Researchers have made a step forward in the treatment of spinal muscular atrophy, a serious genetic disorder, by using a stretch of RNA to trigger mice into producing a back-up version of a missing protein.
Spinal muscular atrophy, a genetic disease causing progressive muscular weakness, particularly affects children. People with the disease are missing a gene, SMN-1, which codes for the protein SMN. This protein supports and maintains motor neurones, and without it, messages are not passed from nerves to muscles. There is a 'back-up' version of the gene, known as SMN-2, but this produces lower levels of SMN, along with partly-functioning versions of the protein, and the severity of spinal muscular atrophy depends on the number of copies of the back-up gene.
The researchers used a mouse model of spinal muscular atrophy that had been engineered to carry a partly functioning version of the gene SMN-2. The mice were given a synthetic stretch of RNA that triggered the back-up gene to make full copies of the SMN protein, and these mice lived longer, moved better and gained more weight.
This is a study using a mouse model of the disease, so the treatment of humans, even in clinical studies, is still a way off. The next step for the team is to carry out tests on transgenic pigs with spinal muscular atrophy, which have been newly developed for this project. If these are successful, however, this could lead to a treatment for a currently incurable and often fatal disease, and could open up research in other similar inherited disorders.
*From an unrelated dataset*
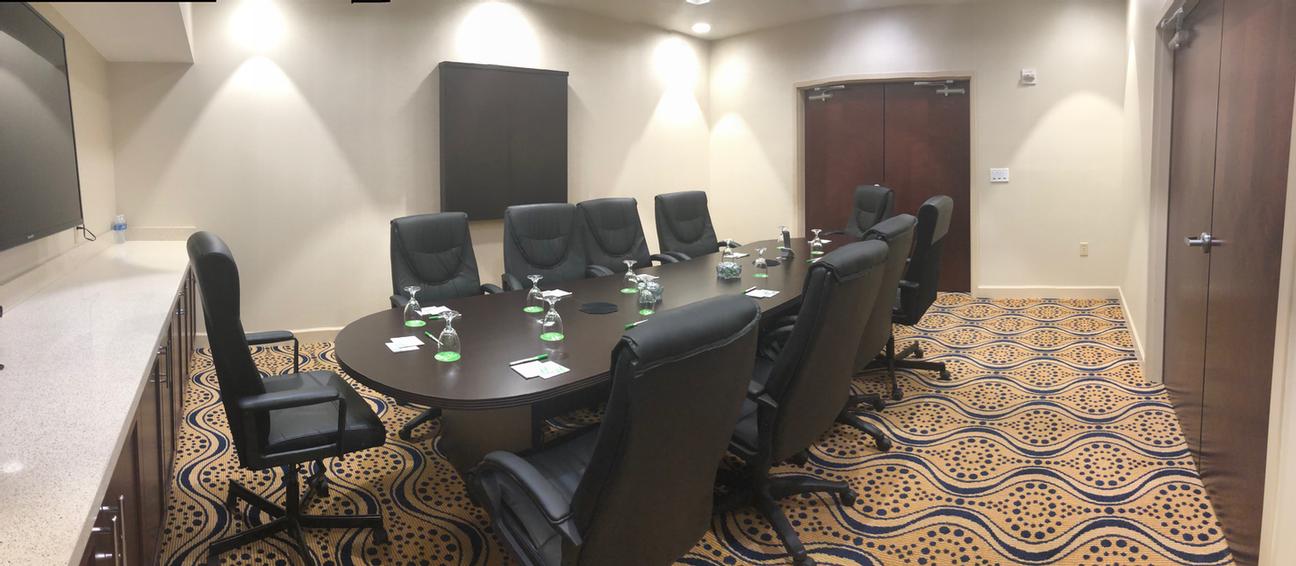Photo of University Ballroom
Chris Lorson, researcher at the Bond Life Sciences Center, professor in the Department of Veterinary Pathobiology and the Department of Molecular Microbiology and Immunology and co-author of the study, said: 'It's been remarkable to watch how quickly SMN-2 knowledge has transformed from basic molecular biology to being modified targets for novel therapeutics. SMN-2 is like a light that's been dimmed, and we're trying anything to get it brighter. Even turning it up a little bit would help dramatically'.
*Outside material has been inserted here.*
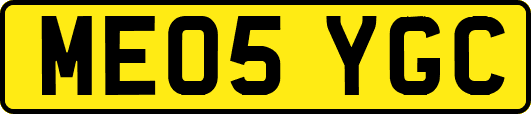 ME05YGC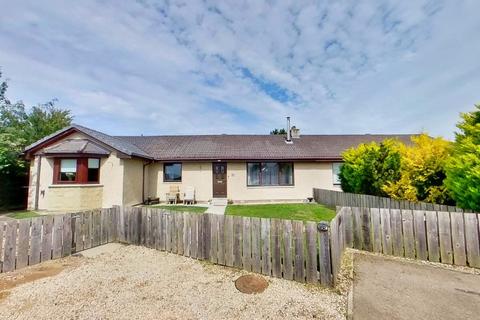 39 Balmakeith Park, Nairn, IV12 5GP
Spinal muscular atrophy is the leading genetic cause of infant death worldwide, and the second leading cause of neuromuscular disease, affecting one in 6000 people. It not always fatal during childhood, however, and patients with less severe forms of the disease may survive into adulthood and occasionally old age. Around one in 30 people carry a copy of the defective gene causing spinal muscular atrophy, and if two carriers have a child, each child has a one in four chance of having spinal muscular atrophy.